>>>

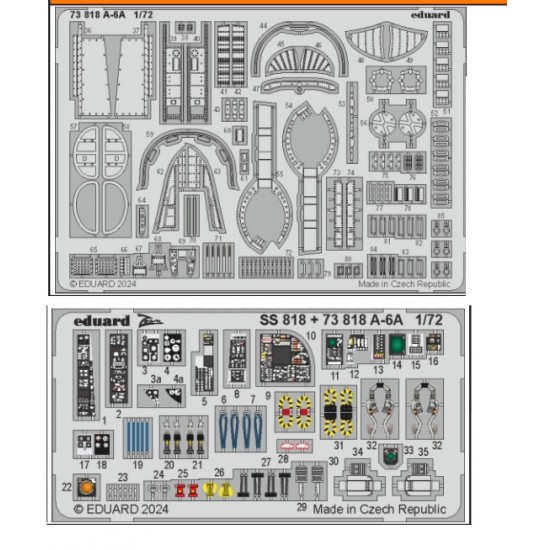 1/72 Grumman A-6A Intruder Photo-etched set for Trumpeter kits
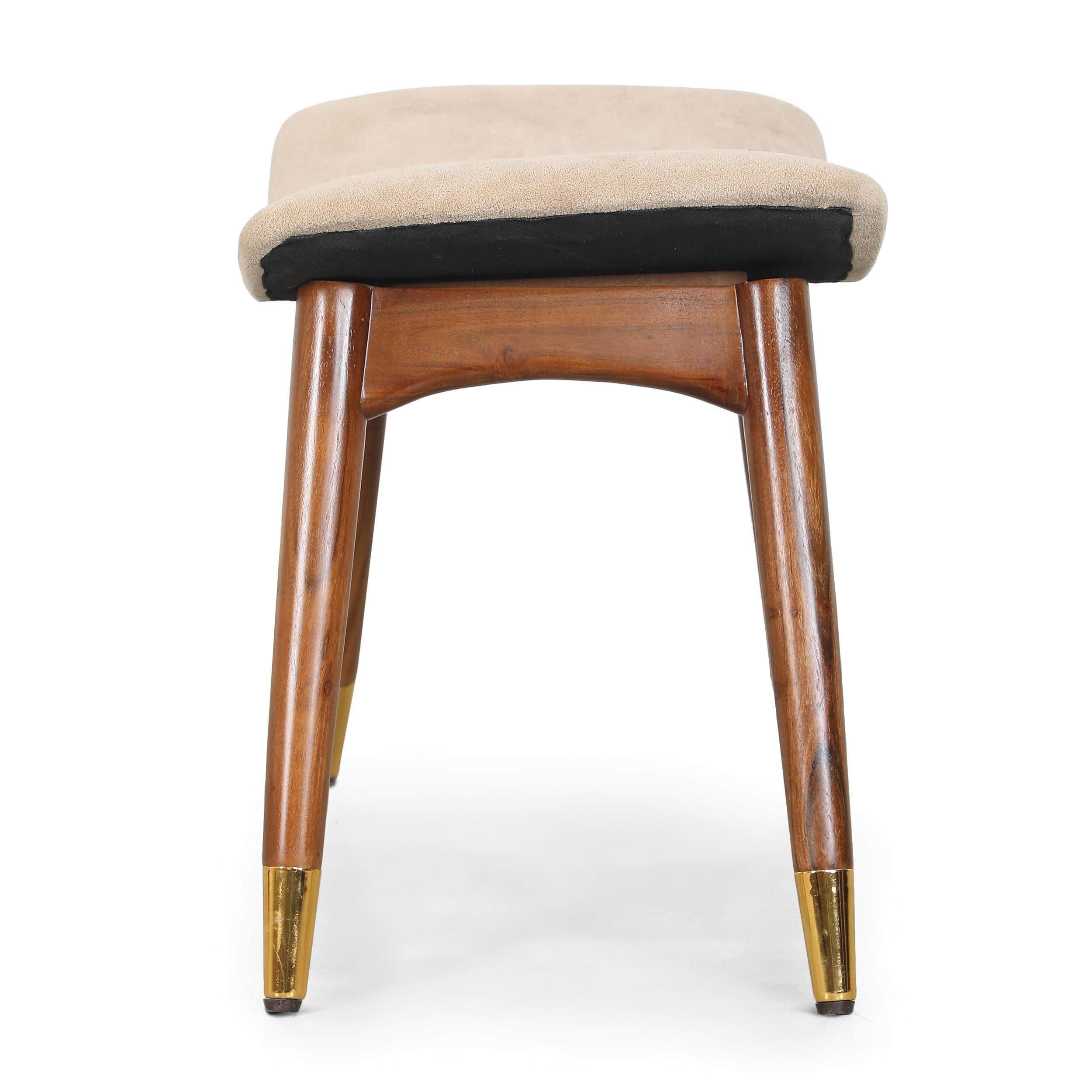 Zuno Seating Stool in Beige Color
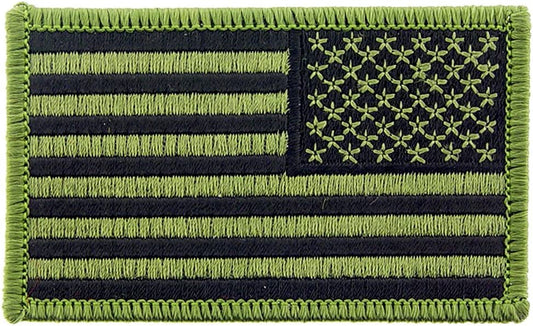 USA Flag, OD, Right, Patch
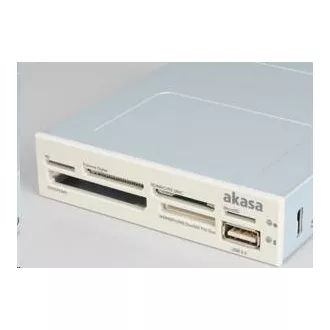 AKASA čtečka karet AK-ICR-07 do 3.5", 6-slotová, interní, 1x USB 2.0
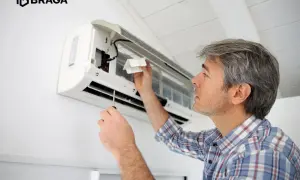 Tecnico installa climatizzatore. Scopri il costo installazione climatizzatore con Braga.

<<<

Exercise requirements. Please reproduce nothing but the lines from the one containing "AKASA čtečka karet" through the closing line of the listing, retyped word for word, pictures excluded.

Answer area.
 AKASA čtečka karet AK-ICR-07 do 3.5", 6-slotová, interní, 1x USB 2.0
 Tecnico installa climatizzatore. Scopri il costo installazione climatizzatore con Braga.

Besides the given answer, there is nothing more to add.